Sunday, June 17, 2012

QR and Sequential Regression with Fixed Order

Background

I was fixing some bugs in determining the number of lags in statistical tests for time series, and remembered that we still haven't optimized our sequential regressions. So, I opened an issue .
I learned a lot of linear algebra through the numpy and scipy mailing lists. The relevant idea and thread is here, quoting myself:
But from your description of QR, I thought specifically of the case
where we have a "natural" ordering of the regressors, similar to the
polynomial case of you and Anne. In the timeseries case, it would be by
increasing lags

yt on y_{t-1}
yt on y_{t-1}, y_{t-2}
...
...
yt on y_{t-k} for k= 1,...,K

or yt on xt and the lags of xt

This is really sequential LS with a predefined sequence, not PLS or
PCA/PCR or similar orthogonalization by "importance".
The usual procedure for deciding on the appropriate number of lags
usually loops over OLS with increasing number of regressors.
>From the discussion, I thought there might be a way to "cheat" in this
using QR and Gram-Schmidt
I never got around trying this out, but I thought I give it a try today. Some hours of trial and error and working on some algebra later, I have what looks like a reasonable solution.

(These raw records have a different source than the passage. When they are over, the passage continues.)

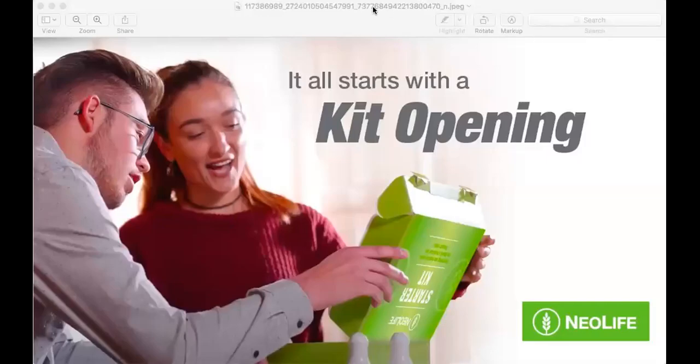Good evening everyone. For those joining this call for the first time, my name is Sheyi Omotunde and I'm a New Life independent promoter. Getting started with New Life actually started with kits. What we are going to be doing this evening is called digital kit orientation.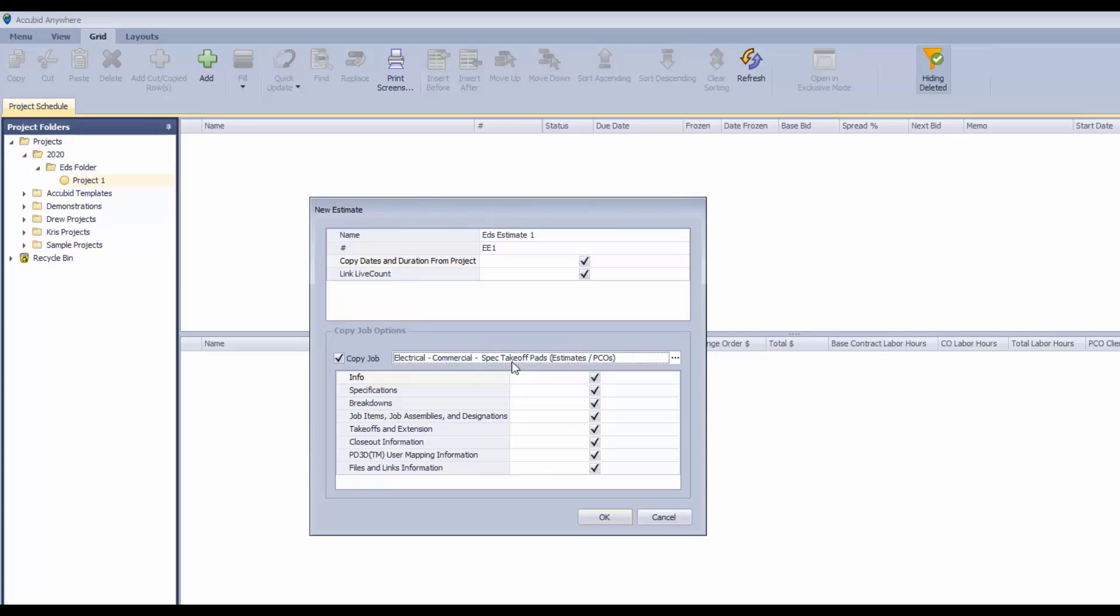Now you also have the option of selecting any other estimate that you've done in the past. And if that's the case, if you want to use one of your previous estimates that's all set up, that has all of your labor in it, has all of your indirects, have all of your overhead markups and everything in it already, you could use that as your starting point rather than a blank template.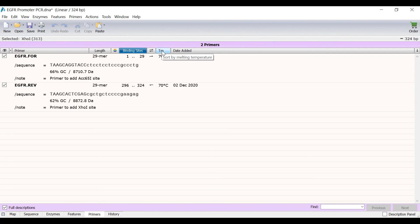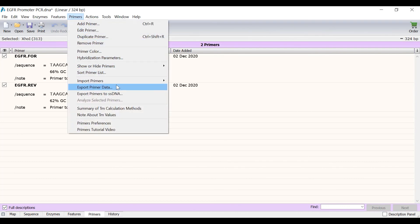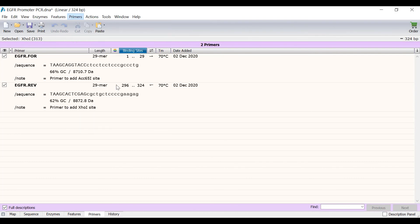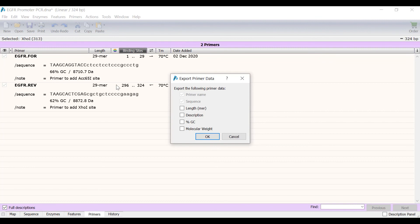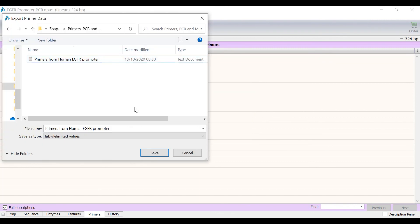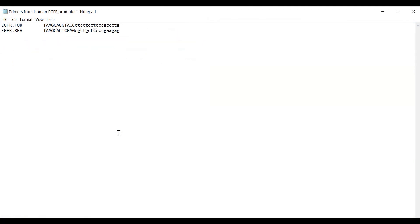If you want to proceed to order these primers you can export them as a text file by going to Primers, Export Primer Data. You can export additional information about the primers if you so wish. I will save the primers as a text file where you can see their name and sequence in a simple list, ready to be copied over to your primer order form from your supplier.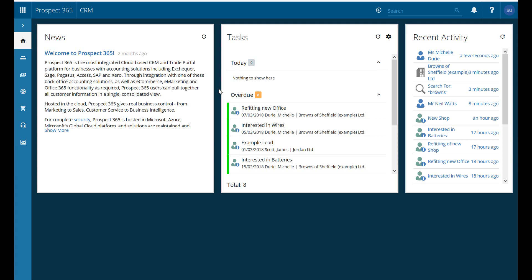Hello and welcome to this Prospect 365 CRM video where today we're going to take a look at how we can search for and find information from within the CRM system.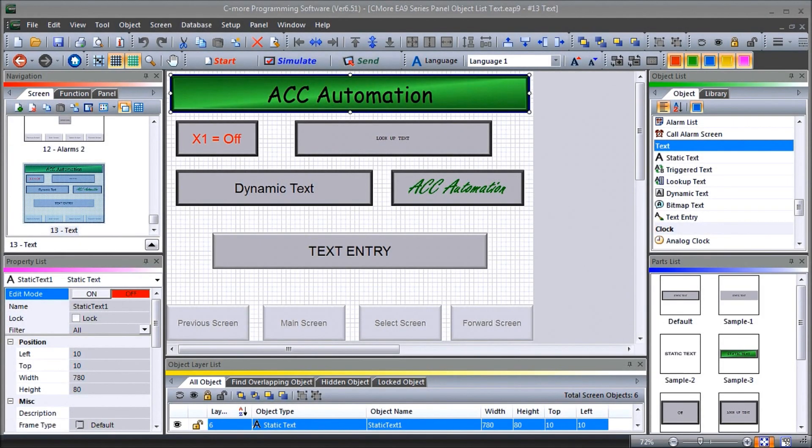Hi everyone. Today we're going to be looking at the Seymour EA9 HMI Series Panel Object List Text.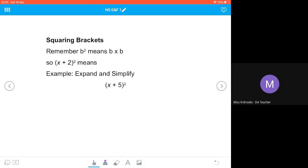What happens if we're squaring a bracket? We need to remember that b squared means b times b — just like 3 squared is 3 times 3, not 3 times 2, giving us a value of 9.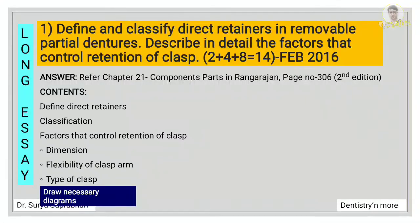Clasp is further divided into circumferential clasp and bar clasp, and circumferential clasp is further divided into cast circumferential and combination clasp. Then you have to mention about the factors that control the retention of clasp. There are three factors that control the retention of clasp: dimension, flexibility of clasp arm, and type of clasp. Explain in detail about all these three factors and also draw the necessary diagrams.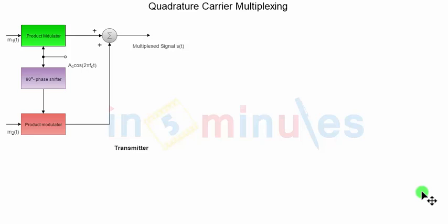Welcome to Infimminutes. In this video clip we will discuss one very important type of amplitude modulation system which is called quadrature carrier multiplexing.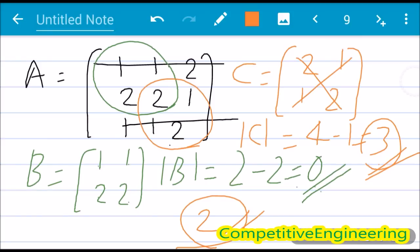If the determinants of all 2x2 sub square matrices are 0, then you go to 1x1 matrices, that is individual elements. If any element is non-zero, the rank is 1. Only if all elements are 0 — meaning it is a zero matrix — will the rank be 0.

Using QR Decomposition for Sequential Regression

The following is just a commented walk through my current script, the core is just a few lines.
First, some imports
import numpy as np
from statsmodels.regression.linear_model import OLS

from numpy.testing import assert_almost_equal
Then, we define a toy example to try out whether it works. The last two variables have no effect. I used that to get the minimum of the information criteria, aic, bic, to be in interior.
nobs, k_vars = 50, 4

np.random.seed(85325783)
x = np.random.randn(nobs, k_vars)
y = x[:, :k_vars-2].sum(1) + np.random.randn(nobs)
We start with the boring way of doing the sequential regression: use OLS from statsmodels and loop with expanding number of explanatory variables in exog.
Note, this uses the generalized inverse, pinv, for each new matrix of explanatory variables. I'm storing parameters, residual sum of squares and information criteria to have a benchmark to compare against later.
ssr_ols = np.zeros(k_vars)
params_ols = np.zeros((k_vars, k_vars))
ic_ols = np.zeros((2, k_vars))
for i in range(4):
    res = OLS(y, x[:,:i+1]).fit()
    ssr_ols[i] = res.ssr
    params_ols[i, :i+1] = res.params
    ic_ols[0, i] = res.aic
    ic_ols[1, i] = res.bic
In my example, the estimated coefficients are
>>> params_ols
array([[ 0.7585129 ,  0.        ,  0.        ,  0.        ],
       [ 1.00564191,  0.96414302,  0.        ,  0.        ],
       [ 1.00776594,  0.93035613, -0.10759121,  0.        ],
       [ 1.03379054,  0.91302697, -0.12998046, -0.08787965]])
The first two coefficients are close to one, the second two coefficients are close to zero, all in the neighborhood of the true values of my simulated model.
Instead of using pinv, statsmodels also has the option to use QR for estimating a linear model, with the basic code as the following. This uses the QR decomposition of the matrix of explanatory variables.
q, r = np.linalg.qr(x)
qy = np.dot(q.T, y)

print '\nparams full model'
print params_ols[-1]
print np.linalg.solve(r, qy)
It gives the same result as the pinv version
params full model
[ 1.03379054  0.91302697 -0.12998046 -0.08787965]
[ 1.03379054  0.91302697 -0.12998046 -0.08787965]
We already have the QR decomposition for the full model. QR` calculates the orthogonalization using the sequence as it is given by the matrix of explanatory variables.
My first attempt was to find the OLS parameters sequentially using the appropriate subset or slices of the QR matrices
params1 = np.zeros((k_vars, k_vars))
for i in range(4):
    params1[i, :i+1] = np.linalg.solve(r[:i+1, :i+1], qy[:i+1])
This gives us the same parameter estimates as the OLS loop. The computations are on much smaller arrays than the original problem, r is (k_vars, k_vars) and qy is just one dimensional with length k_vars.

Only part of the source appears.